- Born: 1989 (age 36–37) Miami, Florida, U.S.
- Occupations: Fashion Photographers, Visual Artists
- Website: elliotanderick.com

= Elliot and Erick Jiménez =

Cuban-American artist duo (born 1989)

Elliot & Erick Jiménez (born 1989 in Miami, Florida) are identical twin brothers and visual artists working between contemporary art and fashion. Their artwork draws on syncretic Afro-Cuban religious traditions and spiritual beliefs, while paying homage to artists such as the late Cuban artist Belkins Ayón and ethnographers in the likes of Lydia Cabrera. Their photographs offer a painterly quality, mixing nature and surrealist elements, and expands into sculpture and mixed media. The Jiménez brothers have been living and working between South Florida and New York City for over a decade.

== Early life and education ==
Elliot and Erick Jiménez are identical twins, raised by Cuban immigrants in Miami. The duo started their interest in photography after receiving their first camera at age 15; and went on to take their first photography course in high school. Although the brothers started photographing professionally separately, they soon realized they shared a joint interest.

== Work ==
Elliot and Erick Jiménez photographic work goes back and forth from fashion photography to visual art. In 2023, the duo photographed Puerto Rican musician Bad Bunny for the cover of Time Magazine, the first issue to be released in Spanish in the publication's one hundred year history. Their fashion work has been featured in Vogue and Harper's Bazaar Italy, among others. They've also collaborated with celebrities like Selena Gomez and Karol G.

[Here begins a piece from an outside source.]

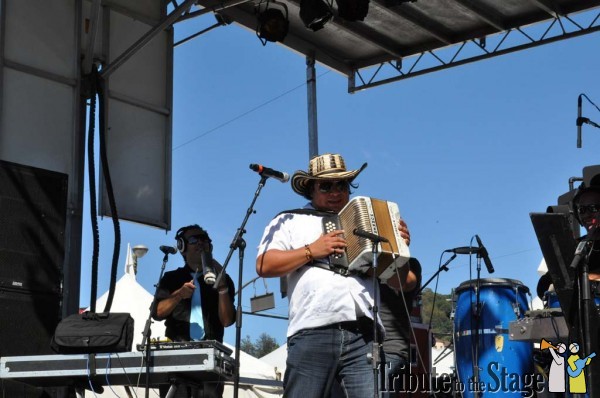 Mr Vallenato at Sunset Junction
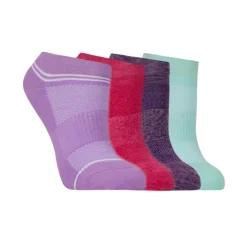 No Show (Pack of 6 pairs) - Junior Ankle Socks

Their art installation Blue Chapel (Rejection, Acceptance, Advocacy, Interdependence), was featured in the exhibition Surrealism and Us: Caribbean and African Diasporic Artists since 1940, on view at the Modern Art Museum of Fort Worth in Texas in 2024. Other installations include Red Chapel, featured at WSA in Duet, 2025, and Where Fertile Land Grows featured at Ford Foundation Gallery in Never The Same River, 2026.

In 2025, the Jiménez brothers held their first major institutional exhibition at the Pérez Art Museum Miami, Florida. The show Elliot and Erick Jiménez: El Monte, curated by Maritza Lacayo, expands on the duo's interest in Afro-Cuban religious practices, particularly in its syncretic aspects of Yoruba, Catholicism, and Spiritism. The solo show brings photographic work that draws on the artist's Cuban-American and the ritualistic Lucumí upbringing.

=== Awards ===
Elliot and Erick Jiménez are the recipients of the 2024 CINTAS Foundation Fellowship in Photography, South Arts Fellowship, the Florida Prize People’s Choice Award 2023, the CHANEL Artist Award Program with the Tribeca Film Festival, Emerging Photographers of the year for the Latin American Fashion Awards 2023, Oolite Creator Award, by Oolite Arts in South Florida.